Hospodářské noviny is aghast at the prospect of Ceta falling through after seven years of negotiations:

“After the Brexit decision the EU wanted to show that 27 countries can also move forward together. But the shameful dispute over Ceta shows that they are unable even to reach a consensus over the liberalisation of trade with Canada. The Walloons and a few other troublemakers have turned everything on its head. But this is not just about Walloonian farmers who are frightened of GM fruit from Canada. This is about the pan-European protest of people who feel that the globalization train has set off and are unwilling to wave goodbye to the world as they know it, even if it is falling apart. Who else will we be able to do trade deals with in the globalized world, if not with Canada, which shares our cultural values?”

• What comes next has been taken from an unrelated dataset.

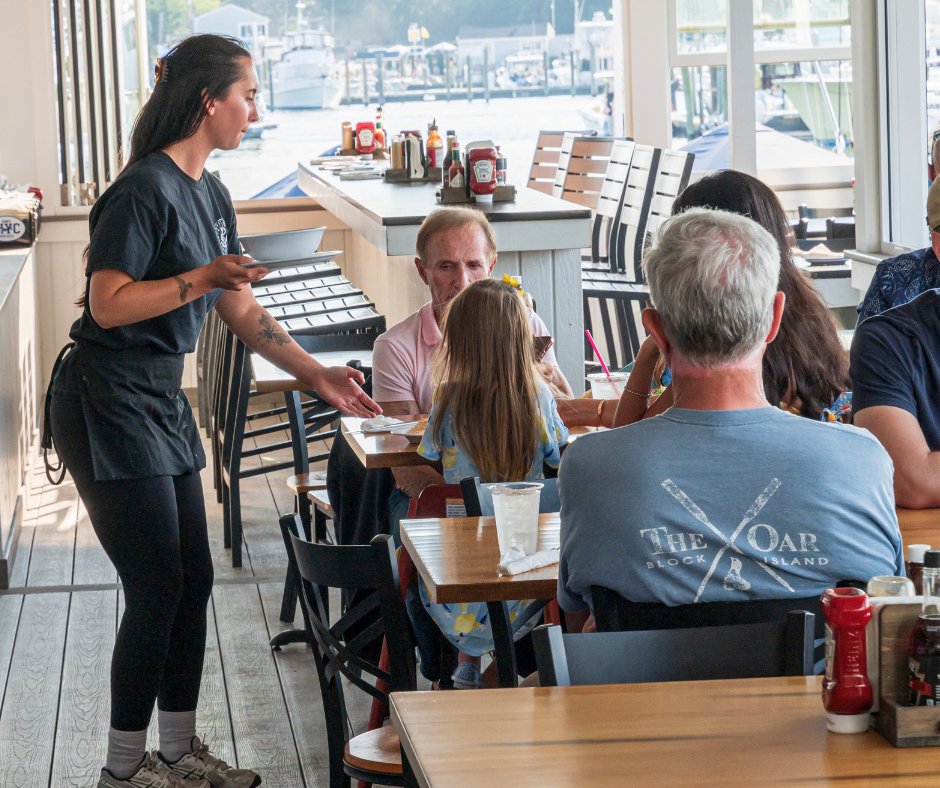 StarIslandLI's tweet photo. What dishes or drinks are you hoping to see on the menu this season? 🍽️ We’re always cooking up something new—let us know!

Neue Zürcher Zeitung (CH) /

Shape globalisation instead of blocking it

The Neue Zürcher Zeitung also voices disappointment, pointing out that the agreement was negotiated very much in the EU's interests:

“[Canada] supported the EU's idea of investment tribunals for settling conflicts between foreign investors and the host state. This overcomes the weaknesses of the private arbitration courts that have been used until now. All this is very far removed from the distorted image spread by the opponents of the deal, who portray Ceta as a dictatorship of big business which will undermine the rule of law and democracy. Those who can't stop globalisation but want to have a say in what it looks like, need precisely such agreements until multilateral progress is made in the World Trade Organization. Those who reject Ceta must ask themselves whether they are not in fact against any liberalisation of trade, and therefore want to further the interests of economic nationalists. If so, they must be willing to accept the negative impact on growth and employment.”

Jyllands-Posten (DK) /

Populist Walloons ruining everything

Europe is squandering an important opportunity, Jyllands-Posten fears:

“In times when the key players - among them the two presidential candidates in the US - are moving towards protectionism, when global trade is stagnating and global economic growth and the labour market are suffering as a consequence, trade agreements are more important than ever. Since World War II free trade has hoisted hundreds of millions of people out of poverty by creating economic growth and jobs. It would be intolerable if a handful of populist Walloons were able to destroy a far-reaching free-trade agreement like this one, from which the great majority of true Europeans stand to benefit.”

De Morgen (BE) /

Ceta gets to the heart of the Europe debate

De Morgen defends the Walloons against all the criticism:

“What do they think they're doing? people across Europe are saying. We heard the same thing after the Ukraine referendum in the Netherlands, and after the Brexit vote. … Clearly representing the people is regarded as a threat to democracy. … The row over Ceta gets to the heart of the debate about European democracy. Should a member state - or part of a member state - say no when 'Europe' has already said yes? … Whether the Twitter economists like it or not, such 'classic' agreements are no longer supported by a growing section of the European population. The opposition to mega-treaties comes from all kinds of groups, from eurosceptic right-wing populists to red-green voters. … Either legitimate criticism continues to be suppressed or the day will come when the European project really is torpedoed at the polls - as was already the case in England.”